■ **The problem**
Among the lines below, the one containing "JFL‑Jewellery for Less" opens the range and the one containing "a spacious bedroom" closes it. Print that range exactly, without the pictures.

■ **Information provided**
----------------
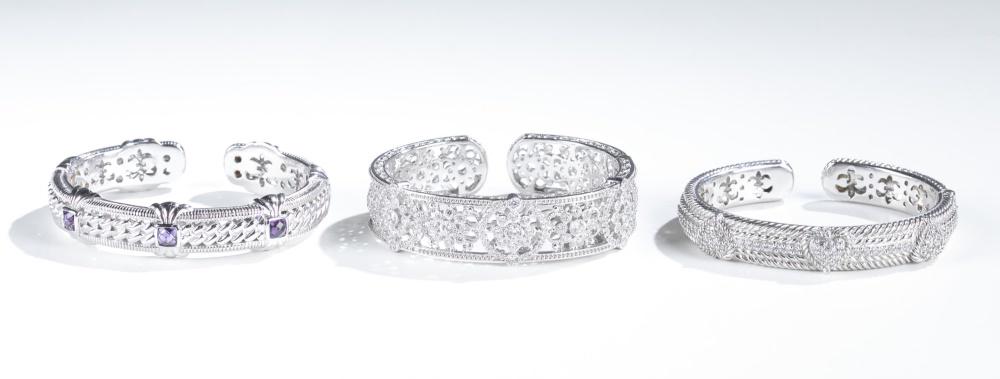 3 Judith Ripka, sterling silver cuff bracelets.: A group of three Judith Ripka sterling silver hinged cuff bracelets. Stamped inside cuff. ++Bracelet with pave hearts of cubic zirconia. 2 3/4". Approx, 46g. ++ Bracelet with amethyst stones. 2 3/4".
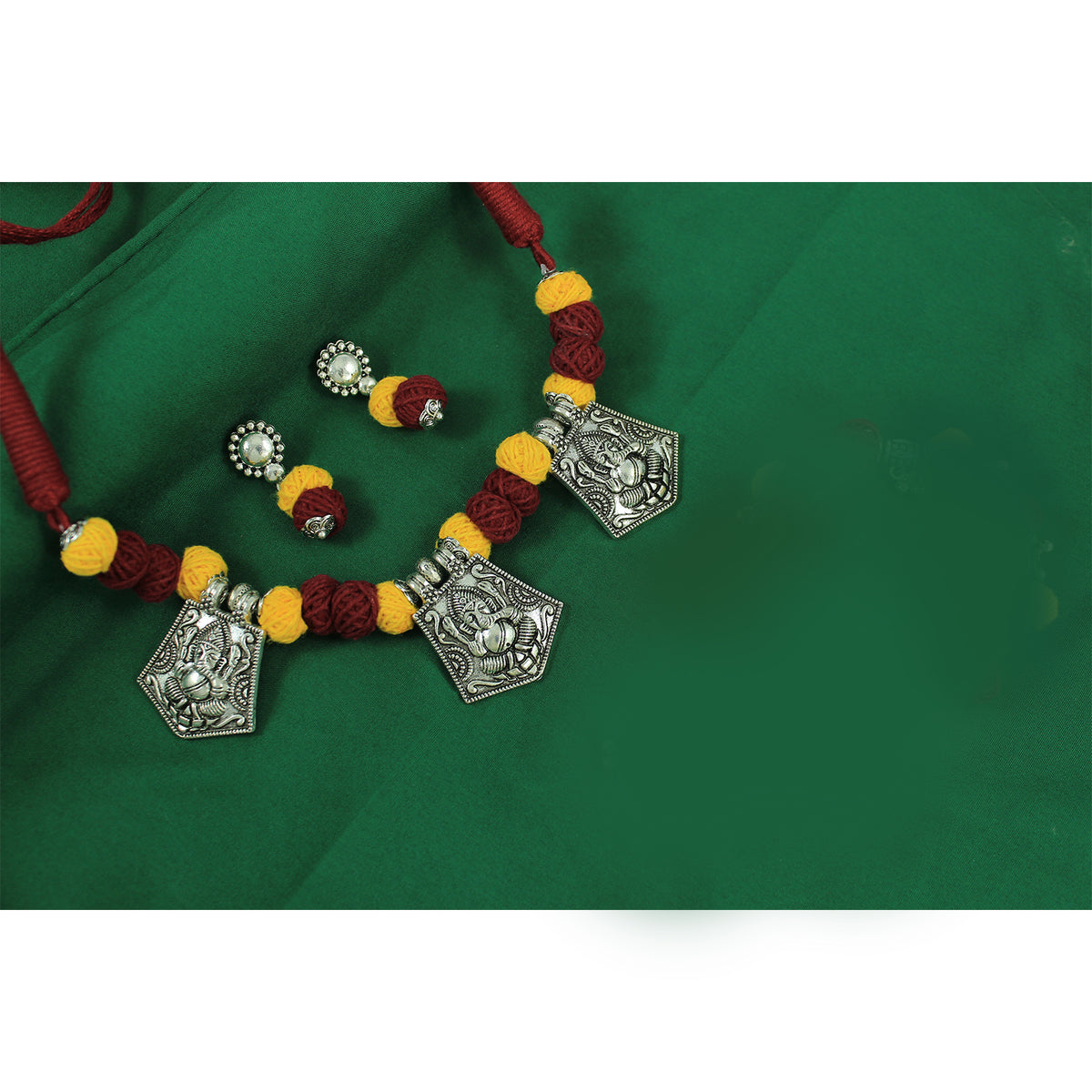 JFL‑Jewellery for Less Maroon & Yellow Cotton Thread Jewellery Set – Necklace, Earrings with Oxidised Silver Lord Ganesha Pendant– Jewellery for Women & Girls – Navratri,Garba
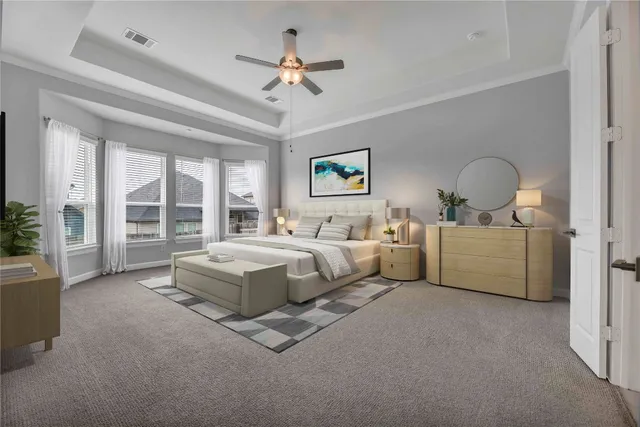 a spacious bedroom with a bed a chandelier and a large window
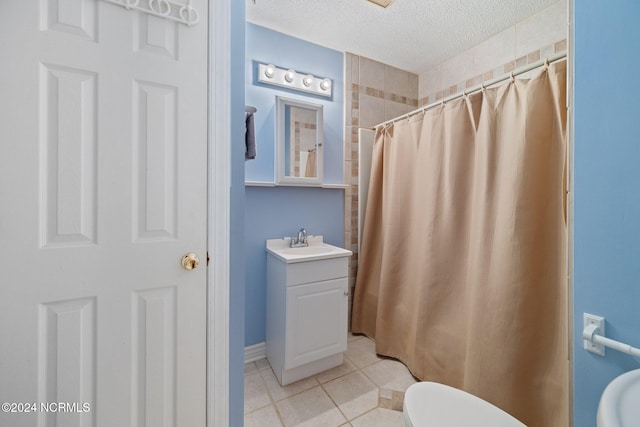 bathroom featuring a textured ceiling, toilet, vanity, a shower with curtain, and tile patterned flooring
----------------
■ **Answer section**
 JFL‑Jewellery for Less Maroon & Yellow Cotton Thread Jewellery Set – Necklace, Earrings with Oxidised Silver Lord Ganesha Pendant– Jewellery for Women & Girls – Navratri,Garba
 a spacious bedroom with a bed a chandelier and a large window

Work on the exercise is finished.